Remembering Tom
Tom was the second oldest in a family of nine. Kadizzle came in at number seven, which put a good stretch of years between us. I used to joke that Tom was the only one out of nine who never finished college—but he was also the one who built a thriving business from nothing. Mountaineer Excavating rose out of Tom’s stubborn determination and long days servicing the coal mines in the Ohio Valley. Today his son Kevin, armed with an engineering degree, runs the company, shifting its focus to the region’s natural-gas boom. The legacy Tom started keeps rolling on.
Tom’s generosity was legendary. He didn’t just help the community—he helped all of us siblings in ways too many to count. When I was a broke college kid, Tom simply handed me a car. That was just Tom.
I remember the early days when he was driving his own rig, hauling steel and frozen goods across steep mountain terrain. I went along on several trips. One run I’ll never forget—though I somehow managed to sleep through the exciting part.
Tom’s truck lost its brakes barreling down a mountain grade. I was in the sleeper, dead to the world. By the time I woke up, we were gliding into a small town at the bottom.
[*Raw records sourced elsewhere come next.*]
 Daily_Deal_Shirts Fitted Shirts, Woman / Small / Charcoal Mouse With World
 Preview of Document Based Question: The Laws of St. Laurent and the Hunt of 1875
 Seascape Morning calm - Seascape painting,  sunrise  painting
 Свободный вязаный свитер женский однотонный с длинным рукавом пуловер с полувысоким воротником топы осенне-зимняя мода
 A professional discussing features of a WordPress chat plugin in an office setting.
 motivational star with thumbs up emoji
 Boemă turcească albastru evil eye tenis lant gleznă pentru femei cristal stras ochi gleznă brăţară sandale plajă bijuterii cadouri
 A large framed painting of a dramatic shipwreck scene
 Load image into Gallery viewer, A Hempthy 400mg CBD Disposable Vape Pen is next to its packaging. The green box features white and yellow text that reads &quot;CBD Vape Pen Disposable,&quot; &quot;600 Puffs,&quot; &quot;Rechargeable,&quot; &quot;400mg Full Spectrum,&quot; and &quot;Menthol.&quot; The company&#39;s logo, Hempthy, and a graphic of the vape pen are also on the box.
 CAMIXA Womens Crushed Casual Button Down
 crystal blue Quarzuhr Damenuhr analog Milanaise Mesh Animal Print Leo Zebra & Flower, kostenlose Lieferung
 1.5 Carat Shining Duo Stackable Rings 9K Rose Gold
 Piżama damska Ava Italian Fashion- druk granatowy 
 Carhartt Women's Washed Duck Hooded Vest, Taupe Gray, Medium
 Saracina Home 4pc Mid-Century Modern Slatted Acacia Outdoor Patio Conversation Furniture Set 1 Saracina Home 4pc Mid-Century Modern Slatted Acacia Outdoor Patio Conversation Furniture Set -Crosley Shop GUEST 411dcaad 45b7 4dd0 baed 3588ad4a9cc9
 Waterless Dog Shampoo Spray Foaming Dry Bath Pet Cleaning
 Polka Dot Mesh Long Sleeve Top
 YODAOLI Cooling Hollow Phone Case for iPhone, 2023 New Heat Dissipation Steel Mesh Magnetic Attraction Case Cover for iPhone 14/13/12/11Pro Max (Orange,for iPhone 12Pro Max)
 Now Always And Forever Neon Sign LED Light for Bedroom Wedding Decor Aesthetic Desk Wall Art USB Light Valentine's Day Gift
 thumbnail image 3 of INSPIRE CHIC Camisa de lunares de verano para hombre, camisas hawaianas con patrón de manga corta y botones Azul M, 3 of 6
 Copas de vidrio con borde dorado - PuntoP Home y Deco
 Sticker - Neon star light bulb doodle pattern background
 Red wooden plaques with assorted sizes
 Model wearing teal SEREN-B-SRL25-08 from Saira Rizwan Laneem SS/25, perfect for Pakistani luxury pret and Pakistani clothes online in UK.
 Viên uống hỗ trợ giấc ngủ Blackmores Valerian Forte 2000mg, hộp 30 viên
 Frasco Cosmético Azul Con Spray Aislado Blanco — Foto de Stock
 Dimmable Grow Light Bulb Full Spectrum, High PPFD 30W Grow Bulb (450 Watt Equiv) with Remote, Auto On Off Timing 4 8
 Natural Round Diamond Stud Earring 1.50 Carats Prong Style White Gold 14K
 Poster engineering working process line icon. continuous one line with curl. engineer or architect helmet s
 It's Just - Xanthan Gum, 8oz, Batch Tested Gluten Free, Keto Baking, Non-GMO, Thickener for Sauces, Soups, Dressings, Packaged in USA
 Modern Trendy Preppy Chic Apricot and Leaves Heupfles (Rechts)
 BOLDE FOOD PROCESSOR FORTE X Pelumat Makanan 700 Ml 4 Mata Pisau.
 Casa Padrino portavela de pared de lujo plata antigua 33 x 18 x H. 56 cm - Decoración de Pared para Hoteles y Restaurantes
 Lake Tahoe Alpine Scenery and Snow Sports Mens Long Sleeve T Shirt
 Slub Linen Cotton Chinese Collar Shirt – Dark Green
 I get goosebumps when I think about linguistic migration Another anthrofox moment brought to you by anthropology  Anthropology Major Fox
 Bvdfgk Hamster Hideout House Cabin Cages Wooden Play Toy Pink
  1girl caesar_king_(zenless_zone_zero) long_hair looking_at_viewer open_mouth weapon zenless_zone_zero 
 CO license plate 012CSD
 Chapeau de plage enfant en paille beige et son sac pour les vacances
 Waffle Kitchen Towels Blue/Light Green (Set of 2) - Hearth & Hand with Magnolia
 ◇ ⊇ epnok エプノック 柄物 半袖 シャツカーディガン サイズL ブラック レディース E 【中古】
Half asleep, I said, “Tom… that’s a red light, and you’re going right through it.”
Tom, calm as a man ordering a cheeseburger, just said, “I know. I don’t have any brakes.”
That was Tom. Unshakeable. Capable. Quietly steering disaster into something manageable.
The stories about him are endless. I could write pages and still barely scratch the surface. Tom was unique—he played the hand he was dealt and played it well. And it worked.